Band formation and split into two factions (1966–1967) 
The band was formed in 1966 by Slobodan Todorović (guitar and vocals), a former Albatrosi (The Albatrosses) and Alasi (The Fishermen) member Živorad "Žika" Jelić (bass guitar), Milan Buza (rhythm guitar) and Velibor "Boka" Bogdanović (drums). The band got the name Džentlmeni on Todorović's idea, although they also considered Jelić's suggestion of naming the band Žetoni (The Coins). This lineup performed until April 1967, when the band had split in two factions. Todorović did not continue working with any of the factions, moving to Siluete and then to the band CD. Milan Buza, with Branko Stefanović (vocals), Đorđe Doksas (solo guitar), Moma Lukić (drums) and a former Vihori (The Winds) member Dušan Ćućuz (bass guitar, later of the band Tako), performed under the moniker Džentlmeni for approximately a year at local parties before disbanding in 1968. The other faction, featuring Bogdanović and Jelić, continued working with the new Džentlmeni lineup, completed by Mihajlo Simikić (tenor saxophone, clarinet, piano and vocals), a former Iskre and Alasi member Branko Marušić "Čutura" (vocals, rhythm guitar) and Žika Jelić's brother Dragan "Dragi" Jelić (vocals, guitar), who previously played with the bands Alasi, Beduini (The Bedouins) and Siluete. This lineup had a diverse repertoire, playing both beat and rhythm and blues, performing covers of songs by Tom Jones, The Walker Brothers, The Animals, Wilson Pickett, The Jimi Hendrix Experience and other artists, as well as their own material.

The mainstay Džentlmeni (1967-1972) 
During the summer of 1967, the band had an Adriatic coast tour, performing for several months at the isle Hvar and several other resorts. The frequent live performances provided the band with a status of a leading live act in Belgrade and large media attention, which gave them an opportunity to perform as the opening band for Italian singer Caterina Caselli on her concerts in Belgrade, Zagreb, Karlovac and Ljubljana. After these concerts, they had a joined concert with Indexi in Sarajevo and recorded the song "Ne, ne trebam te više" ("No, I Don't Need You Anymore"), written by Đorđe Novković, for the Radio Sarajevo show Vaš šlager sezone (Your Schlager of the Season).

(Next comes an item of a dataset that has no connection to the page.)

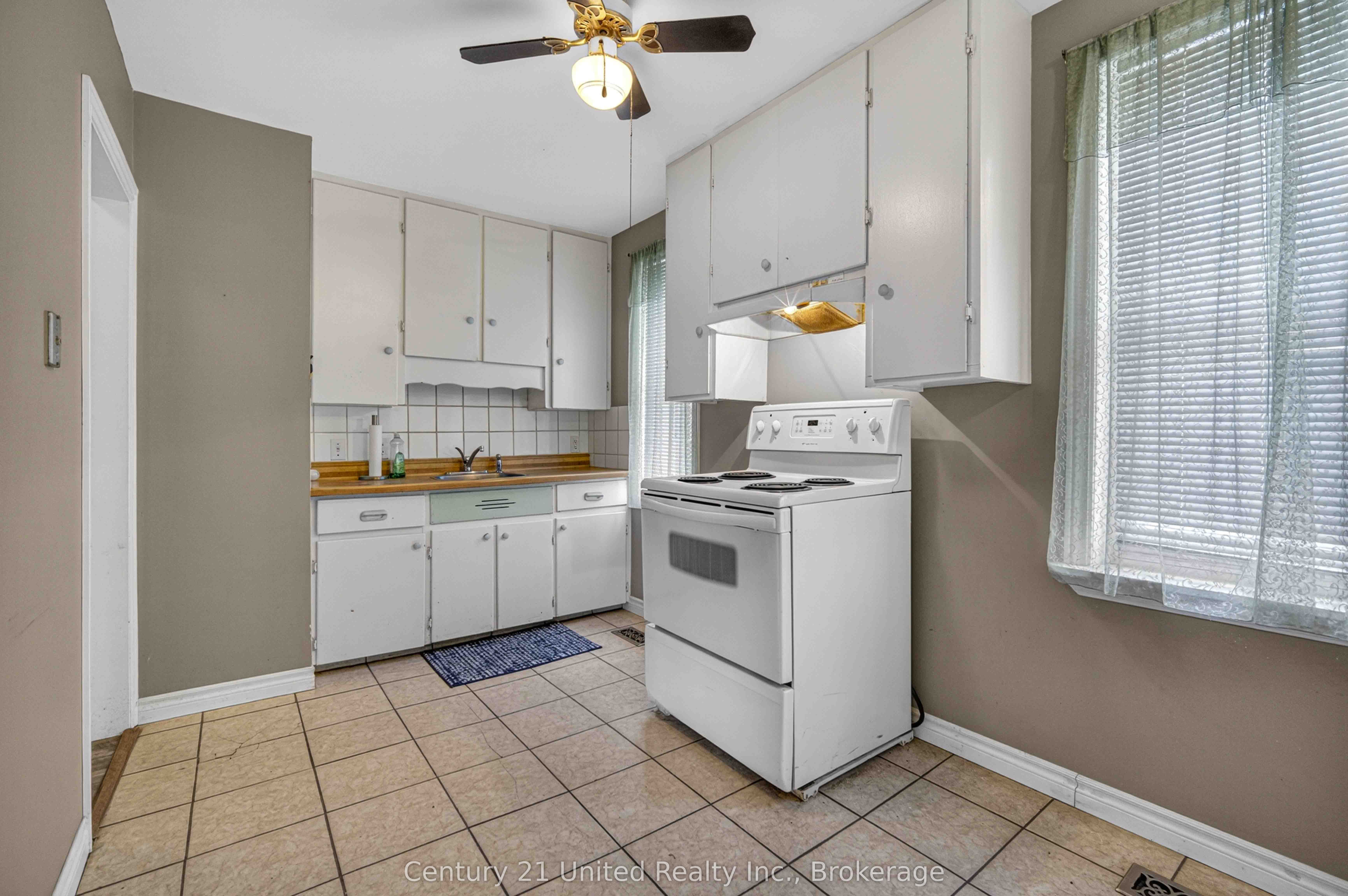 Additional image 6 of 551 Rose Avenue, Peterborough, ON, K9J 4E6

In 1968 the band appeared at the Belgrade Spring festival, with the song "To je tvoj stil" ("It's Your Style"), written by Vojkan Borisavljević. The song was included on the band's 1968 debut extended play, Idi (Go), featuring the title track, a cover version of Sandie Shaw single "Today", "Naša mladost" and "Slatko" ("Sweet"), a cover version of The Drifters hit "Sweets for My Sweet". The EP was well received by the press. During this year the band performed on another major festival, Subotica Youth Festival. On the festival the band performed the songs "Veseli svet" ("Cheerful World"), written by Đorđe Uzelac, and "Naša mladost" ("Our Youth"), written by the band members themselves. The song "Veseli svet" was released on the festival official compilation, along with other acts which performed at the festival.

In 1969 the band released their second EP, Slomljena srca (Broken Hearts), featuring the title track, a cover version of the Don Gibson single "Sea of Heartbreak", "Kraj snova" ("The End of Dreams"), written by Dragi Jelić, "Helule Helule", originally performed by The Tremeloes, and Branko Marušić's song "Nisi došla" ("You Haven't Come"). The title track became a large hit for the band. During this year the band performed again at the Belgrade Spring festival, with the song "Korak ka suncu" ("A Step towards the Sun"), released by PGP-RTB on the official festival compilation.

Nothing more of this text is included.